Open Transfusion opened 3 years ago
Unsimplified canonical Japanese variants are mostly available here https://github.com/cjkvi/cjkvi-variants/blob/e4f1da248c9737a243f9930b5dc497cef5d5ae16/jp-old-style.txt#L64-L69
Korean variants of the same nature are taken from the 1800 Hanja for Everyday Use
I consider variants of this nature (along with simplified / traditional chinese / the numerals / shinjitai in joyo kanji, radicals, etc) to be orthographic variants to ensure they are grouped together https://github.com/Transfusion/cjk-radical-search/blob/19d0d1b672d7a652bfcd6cc784dcd43ce7c669e1/etl/variants-fetcher.ts#L109
TODO: investigate the 1800 korean hanja list and check whether any of them are not in the commonly used traditional chinese set, as I do not include them when computing orthographic variants, rather only in the expandVariantIslands
function (TBD: discussion on what this does and the design issues faced)
卫、衛、衞󠄀
Note that in Japan, https://www.kanjipedia.jp/kanji/0000403800 衞󠄀 is the 旧字 of 衛 (!!)

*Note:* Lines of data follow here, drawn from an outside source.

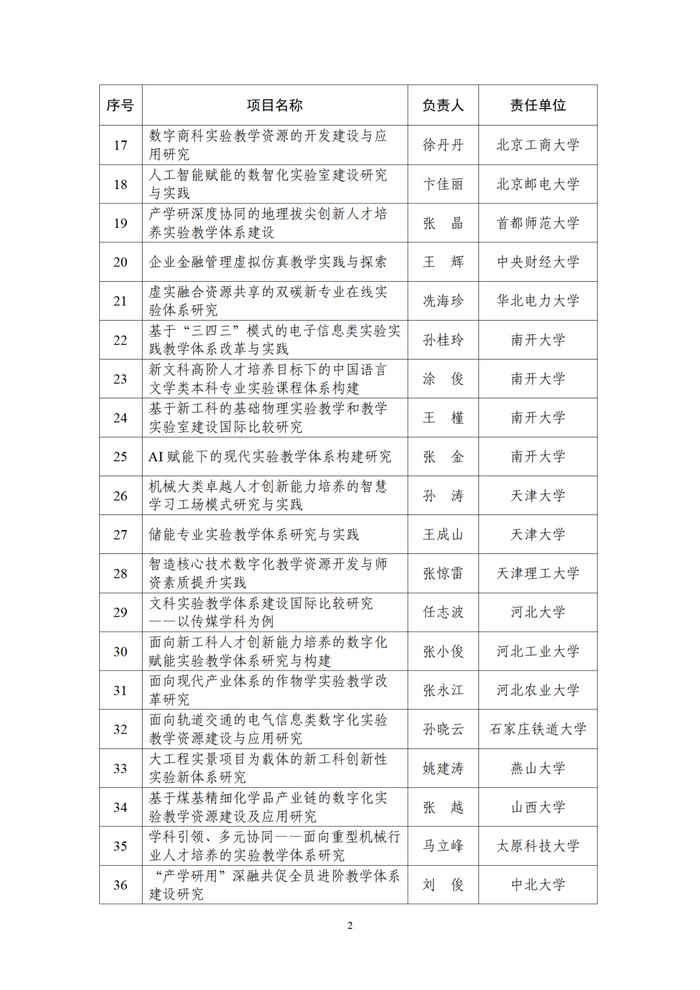 甘肃5项，成功获批！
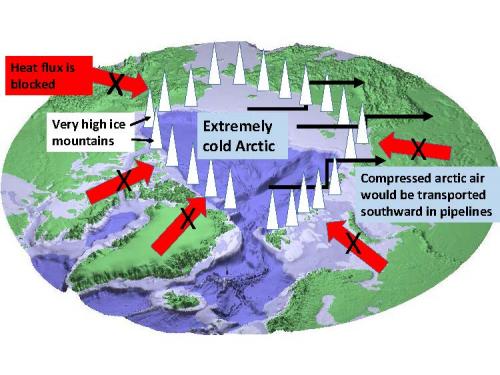 Schematic by Andrey Proshutinsky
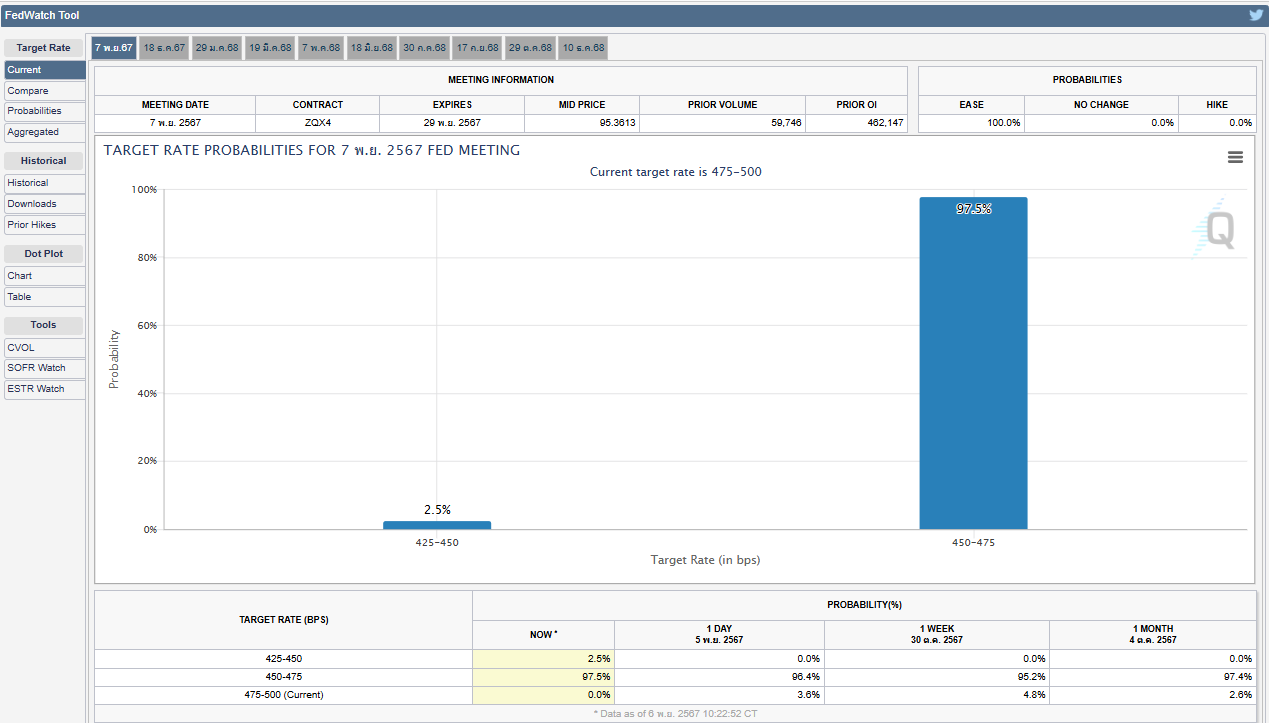กราฟความน่าจะเป็นของอัตราดอกเบี้ยสหรัฐฯ CME FedWatch 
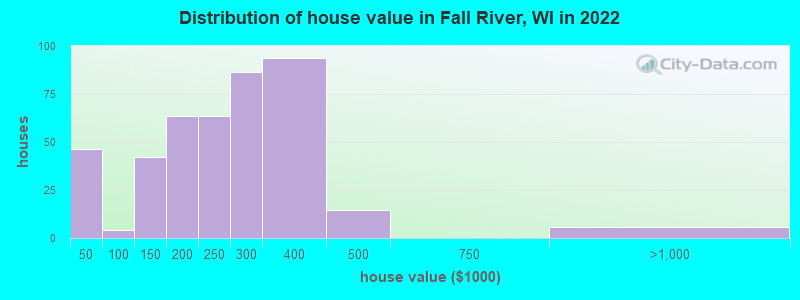 Distribution of house value in Fall River, WI in 2022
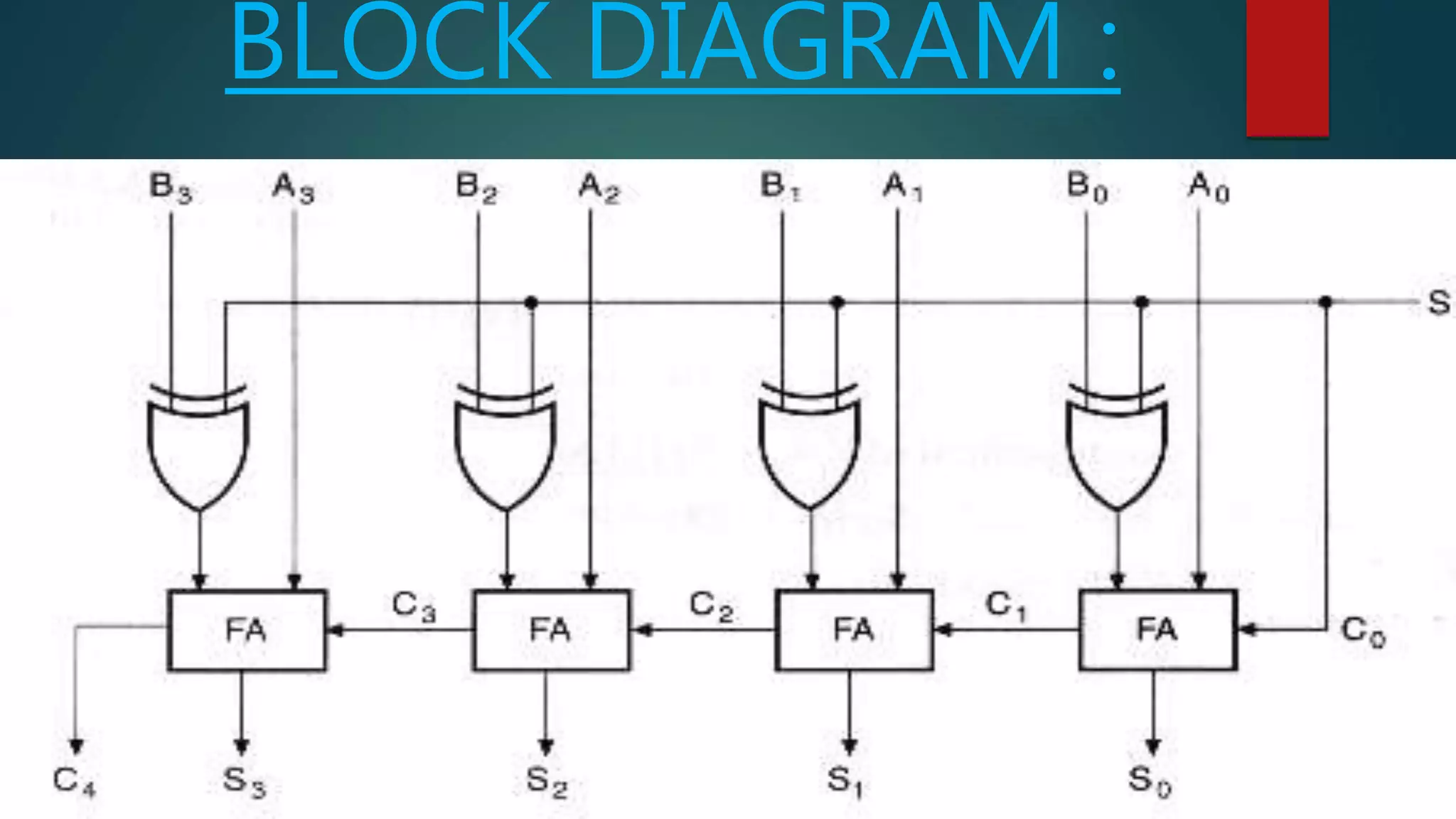 BLOCK DIAGRAM :
 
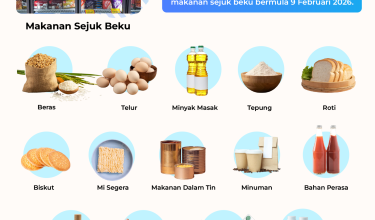 Kategori Sara 15 4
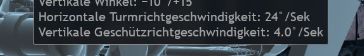 grafik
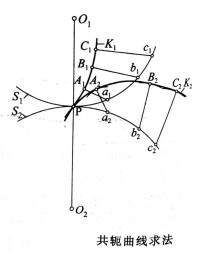 共軛曲線求法
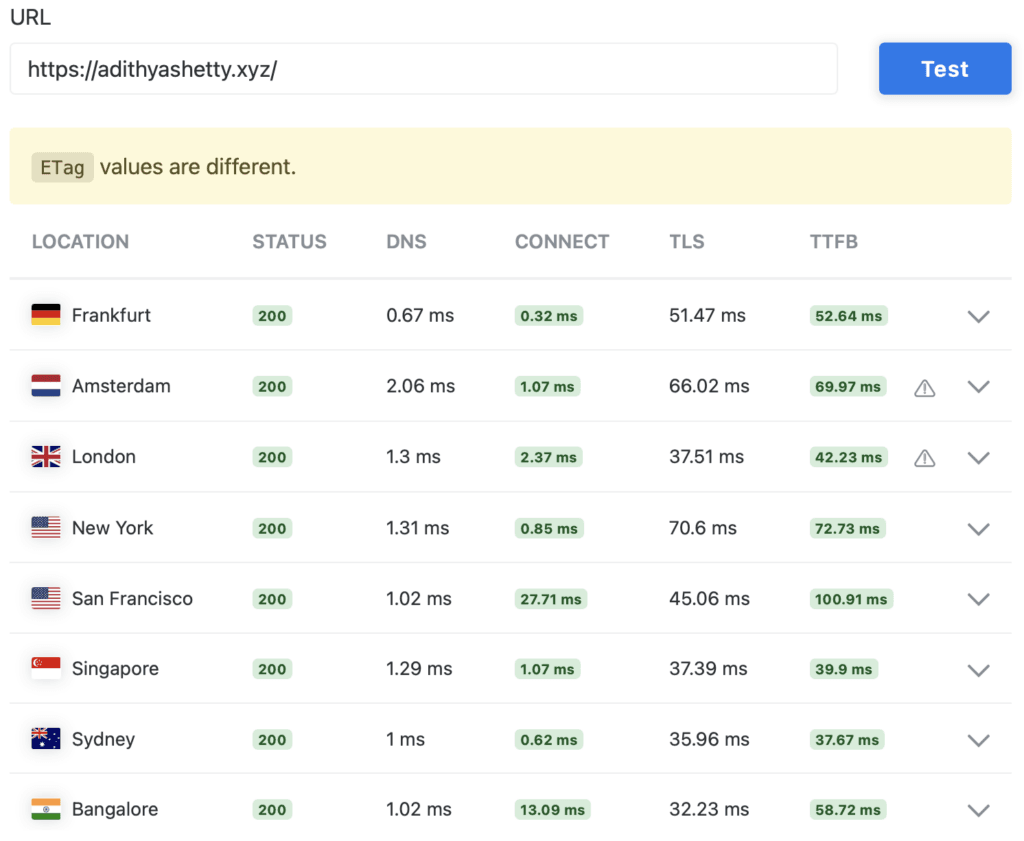 TTFB score of a site using QUIC.cloud CDN with LiteSpeed Cache plugin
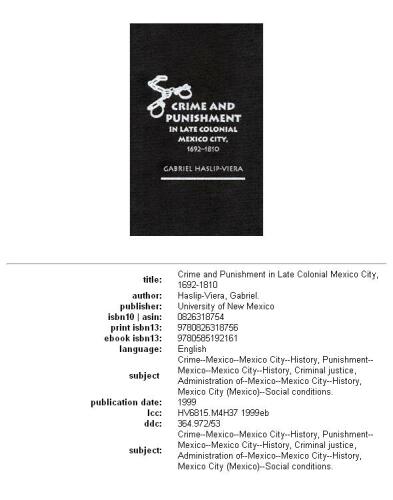 Crime and Punishment in Late Colonial Mexico City, 1692-1810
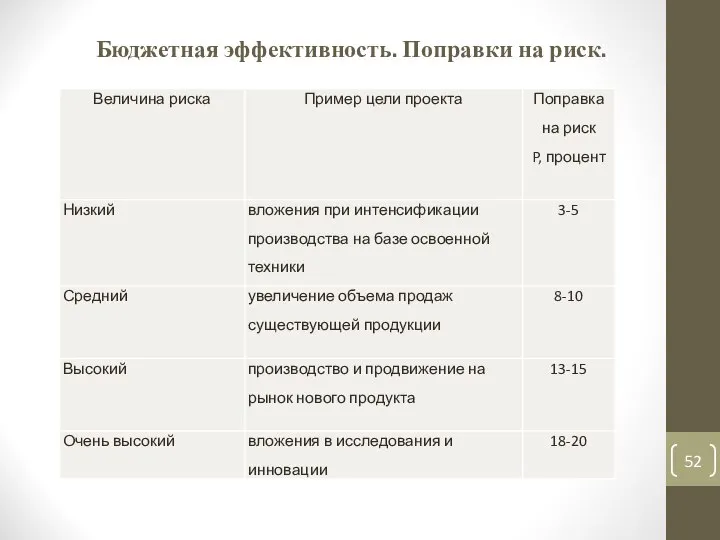 Бюджетная эффективность. Поправки на риск.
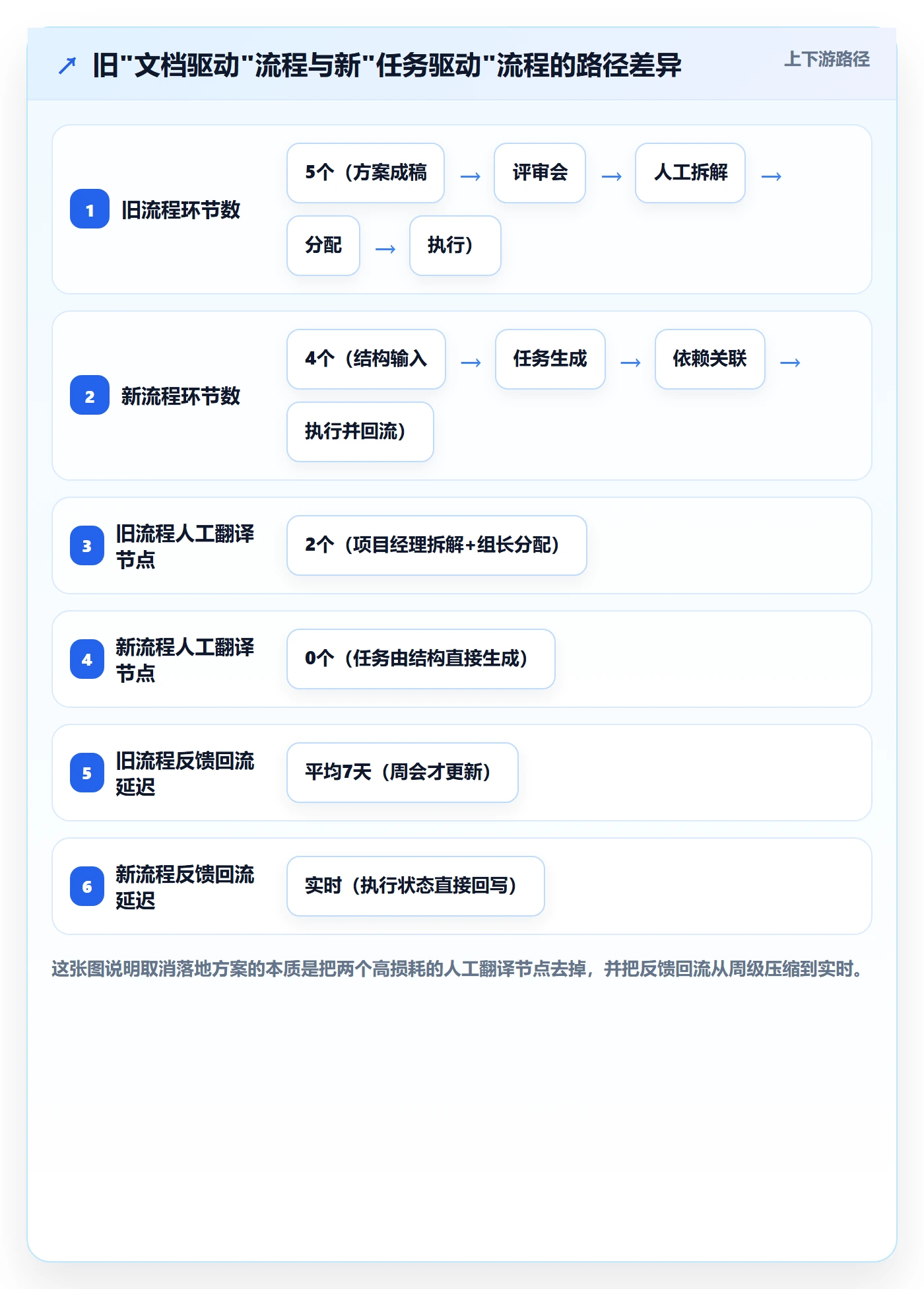 取消落地方案：实施团队开展任务执行的效率提升案例解析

One cannot go hunting in the Unihan database directly since they are preexisting variants in G sources too - https://www.unicode.org/cgi-bin/GetUnihanData.pl?codepoint=U%2B885E
「說文解字」has https://dict.variants.moe.edu.tw/variants/rbt/word_attribute.rbt?quote_code=QTAyNzY4 眞, and furthermore goes on to say: 僊人變形而登天也。从匕从目从乚。 Korea and Japan consider this variant to be canonically traditional.
The case of 既 and 即 is strange in Japanese: they are 既 and 卽 respectively.